Half-life of a radioactive substance is 1 hour. The time taken for the disintegration of 87.5% substance is
A. 2 hrs
B. 3 hrs
C. 3.5 hrs
D. 4 hrs

Answer 1

Hint: Use the formula for the decay constant. Using this formula determines the half-life of the radioactive substance. Then use the formula for the population of the radioactive substance at any time t and determine the time required for the disintegration of the substance.

Formula used:
The decay constant \[\lambda \] is given by
\[\lambda = \dfrac{{0.693}}{T}\] …… (1)
Here, \[T\] is the half-life of a radioactive element.
The equation for the population of the radioactive element present at any time is
\[N = {N_0}{e^{ - \lambda t}}\] …… (2)
Here, \[{N_0}\] is the initial population of the radioactive element, \[N\] is the radioactive element at time \[t\] and \[\lambda \] is the decay constant of the decay.

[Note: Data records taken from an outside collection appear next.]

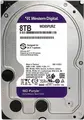 Western Digital WD Purple WD85PURZ Surveillance Hard Drive HDD 8TB 3.5-inch SATA 6Gb/s 256MB Cache 5640 RPM CMR AllFrame for NVR 24/7 Operation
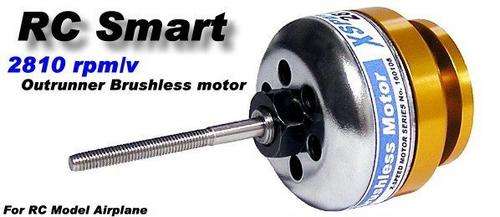 2810 KV Outrunner Brushless Motor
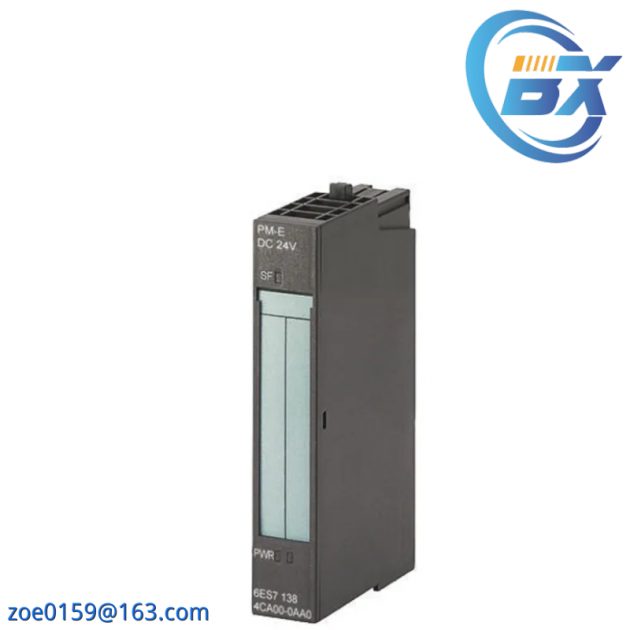 SIEMENS 6ES7138-4CA50-0AB0 PM-E Power Modules for ProfiSafe ET 200S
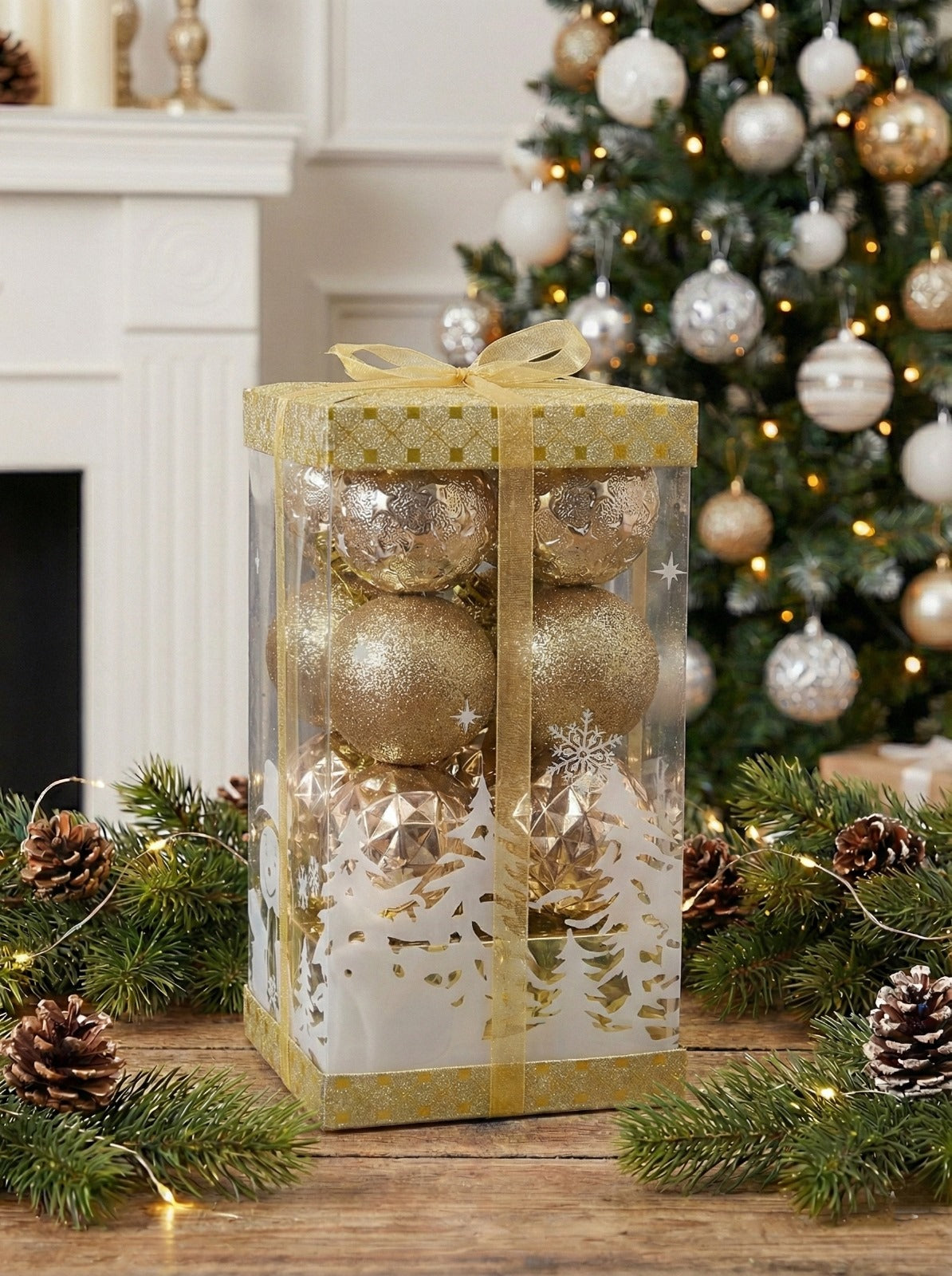 Set De 16 Globuri - 01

Complete step by step solution:
We have given that the half-life of the radioactive substance is one hour.
\[T = 1\,{\text{h}}\]
We can determine the decay constant using equation (1).
Substitute for in equation (1).
\[\lambda = \dfrac{{0.693}}{{1\,{\text{h}}}}\]
\[ \Rightarrow \lambda = 0.693\,{{\text{h}}^{{\text{ - 1}}}}\]
Hence, the decay constant is \[0.693\,{{\text{h}}^{{\text{ - 1}}}}\].
The radioactive substance disintegrated 87.5%. Hence, the radioactive substance available at time \[t\] is 12.5%.
Hence, the fraction of the radioactive substance as that of the initial population of the radioactive substance at time \[t\] is 0.125.
\[\dfrac{N}{{{N_0}}} = 0.125\]
Rearrange equation (2) for \[\dfrac{N}{{{N_0}}}\].
\[\dfrac{N}{{{N_0}}} = {e^{ - \lambda t}}\]
Substitute \[0.125\] for \[\dfrac{N}{{{N_0}}}\] and \[0.693\,{{\text{h}}^{{\text{ - 1}}}}\] for \[\lambda \] in the above equation.
\[0.125 = {e^{ - \left( {0.693\,{{\text{h}}^{{\text{ - 1}}}}} \right)t}}\]
Take natural log on both sides of the above equation.
\[{\log _e}\left( {0.125} \right) = {\log _e}{e^{ - \left( {0.693\,{{\text{h}}^{{\text{ - 1}}}}} \right)t}}\]
\[ \Rightarrow {\log _e}\left( {0.125} \right) = - \left( {0.693\,{{\text{h}}^{{\text{ - 1}}}}} \right)t\]
\[ \Rightarrow - 2.0794 = - \left( {0.693\,{{\text{h}}^{{\text{ - 1}}}}} \right)t\]
\[ \Rightarrow t = \dfrac{{2.0794}}{{0.693\,{{\text{h}}^{{\text{ - 1}}}}}}\]
\[ \Rightarrow t = 3\,{\text{h}}\]
Therefore, the time required for the disintegration is \[3\,{\text{h}}\].

So, the correct answer is “Option B”.

Note:
One can also solve the same question by another method. One can directly use the formula for the population of the radioactive substance at any time t in terms of the half-life period of the radioactive substance instead of determining the decay constant of the decay of the radioactive substance.